The moral of this story is that when your social media audience of friends and family encompasses groups of people who speak different languages, interesting things can happen. Stuff gets lost in translation. Your French-speaking friends will mispronounce your name and you won’t even realize it because you’re bilingual with dual citizenship and you’ve spent years in the States, so “Pete” is self-explanatory to you. It’s all fun and games until the hundredth person asks you why your name is “Chili Farts.”

Jeepers Creepers

I’m not big on practical jokes. I don’t usually enjoy being on the receiving end of them, and it almost never occurs to me to play one on someone else. I guess you could say that I’m an opportunist when it comes to practical jokes, because the only one I can remember playing was in Nice two summers ago, and it was totally spontaneous. An opportunity presented itself, and that opportunity was just too good to pass up.

The joke was on Callaghan, of course.

First, some background: Jeepers Creepers is one of our favorite cheesy horror movies. Not to spoil it for anyone who hasn’t seen it yet, but in order to get the joke, you should know that a psychic woman calls the two (sister/brother) main characters on a diner pay phone and issues a warning about the classic jazz song “Jeepers Creepers”:

When you hear that song you run, and I mean run! ‘Cause that song means something terrible for you, something so terrible you couldn’t dream of it… not in your worst most terrible nightmare!

Then she plays the song for them. It’s the original Louis Armstrong recording from the 1930’s, which I can imagine would be a suitably creepy thing to hear over a pay phone.

We spent the summer of 2012 helping Callaghan’s father renovate three apartments in an old building in Nice. I should say “creepy old building” because it really kind of was (creepy). (I mean that in a good way. I like creepy. I like old buildings. Creepy old buildings = Good). One apartment was downstairs, the other two were upstairs, and there was a small, dusty old radio that seemed to float around the building, usually ending up with Callaghan’s father, who always had it set to a jazz station. Maybe the radio was his. I don’t know. I don’t remember. It doesn’t matter. Anyway.

One morning, Callaghan and our friend Jean-Mi were working together in one of the upstairs apartments while Callaghan’s father and I were in the downstairs apartment. At some point, he – Callaghan’s father – stepped out for a little while, leaving me alone in the creepy old apartment with the radio, jazz music blaring away.

Well, when Louis Armstrong came on singing “Jeepers Creepers,” I couldn’t believe my luck. There was no way I was going to miss the opportunity! I grabbed my cell phone and dialed Callaghan’s number as I ran to the radio. When I got there, I held the phone up to the speakers. I was cracking up laughing, but I managed to stifle my hilarity while Callaghan answered his phone and heard:



Hahaha!! He was up on a ladder at the time, too, he later told me. Ha! Just envisioning him standing up on a ladder listening to “Jeepers Creepers” on his phone cracks me up all over again!

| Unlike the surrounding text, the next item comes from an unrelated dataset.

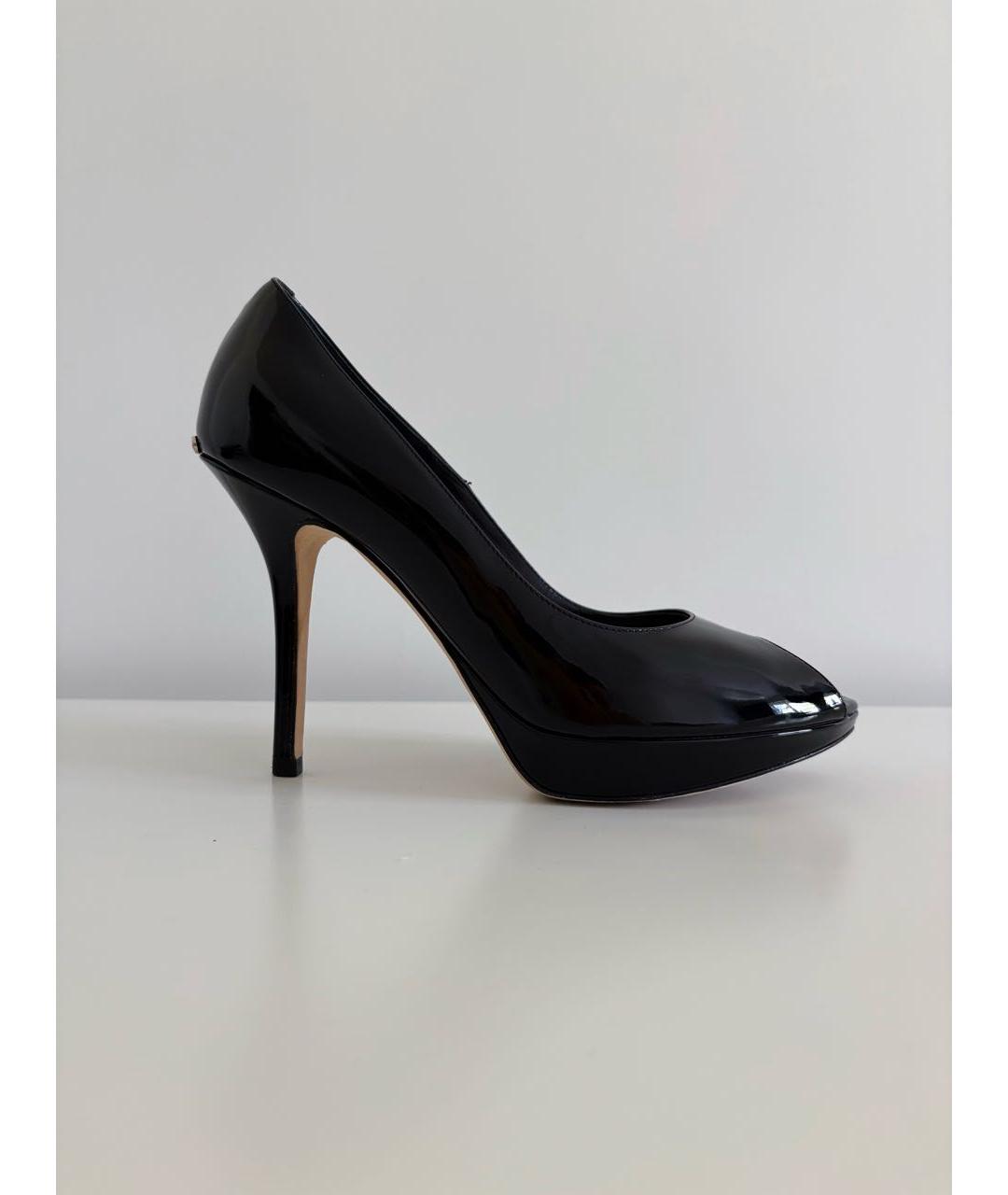 CHRISTIAN DIOR Черные кожаные туфли, фото 9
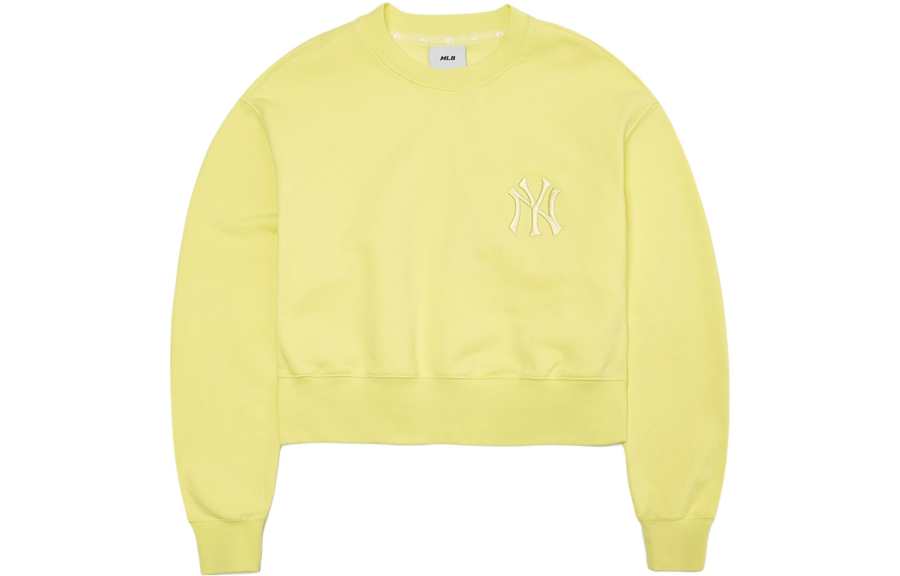 MLB MLB Sweatshirts Women's Yellow Crew Neck Moderate Regular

Ahem. Maybe this is another example of me being too easily amused, but you have to understand that thanks to the movie, that song had become one of our inside jokes. We’d say things like, Oh, well… the day could get worse… we could answer the phone and hear “Jeepers Creepers!” Because in the movie, hearing that song was the ultimate Bad Thing that could happen.

A song portending the arrival of a horrible latex monster would make everything so much worse.

And cheesier.

Happy Friday, all!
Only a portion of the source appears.